2025 Component Abuse Challenge: Nail Your Next Decal

October 23, 2025 by Tyler August 13 Comments

One of the hardest parts of a project — assuming it makes it that far — is finishing it up in an aesthetically pleasing manner. As they say, the devil is in the details, wearing Prada. Apparently the devil also has an excellent manicure, because [Tamas Feher] has come up with a way to introduce incredibly detailed decals (down to 0.1 mm) in cheap, repeatable fashion, using a technique borrowed from the local nail salon.

The end result can look quite a bit better than the test piece above.

For those who aren’t in to nail art (which, statistically speaking, is likely to be most of you) there is a common “stamping” technique for putting details onto human fingernails. Nail polish is first applied to voids on a stencil-like plate, then picked up by a smooth silicone stamper, which is then pressed against the nail, reproducing the image that was on the stencil. If that’s clear as mud, there’s a quick demo video embedded bellow.

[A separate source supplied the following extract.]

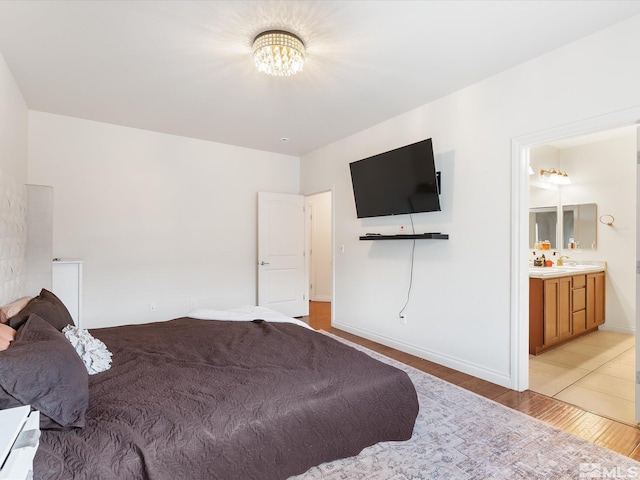 bedroom with a chandelier, light wood-type flooring, connected bathroom, and baseboards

There’s a common industrial technique that works the same way, which is actually where [Tamas] got the idea. For nail salons and at-home use, there are a huge variety of these stencils commercially available for nail art, but that doesn’t mean you’re likely to find what you want for your project’s front panel.

[Tamas] points out that by using a resin printer to produce the stencil plate, any arbitrary text or symbol can be used. Your logo, labels, whatever. By printing flat to the build plate, you can take advantage of the full resolution of the resin printer — even an older 2 K model would more than suffice here, while higher res like the new 16 K models become the definition of overkill. The prints go quick, as they don’t need any structural thickness: just enough to hold together coming off of the plate, plus enough extra to hold your designs at a 0.15 mm inset. That doesn’t seem very thick, but remember that this only has to hold enough nail polish to be picked up by the stamper.

[Tamas] cautions you have to work fast, as the thin layer of nail polish picked up by the stamper can dry in seconds. You’ll want plenty of nail polish remover (or plain acetone) on hand to clean the stamper once you’ve finished, as well as your stencil. [Tamas] cautions you’ll want to clean it immediately if you ever want to use it again. Good to know.

While this is going outside of the nail art kit’s comfort zone, it might not quite be abuse. It is however a very useful technique to add to our ever-growing quiver of how to make front panels. Besides, we don’t specify you have to literally make components suffer; we just want to see what wild and wonderful substitutions and improvisations you all come up with.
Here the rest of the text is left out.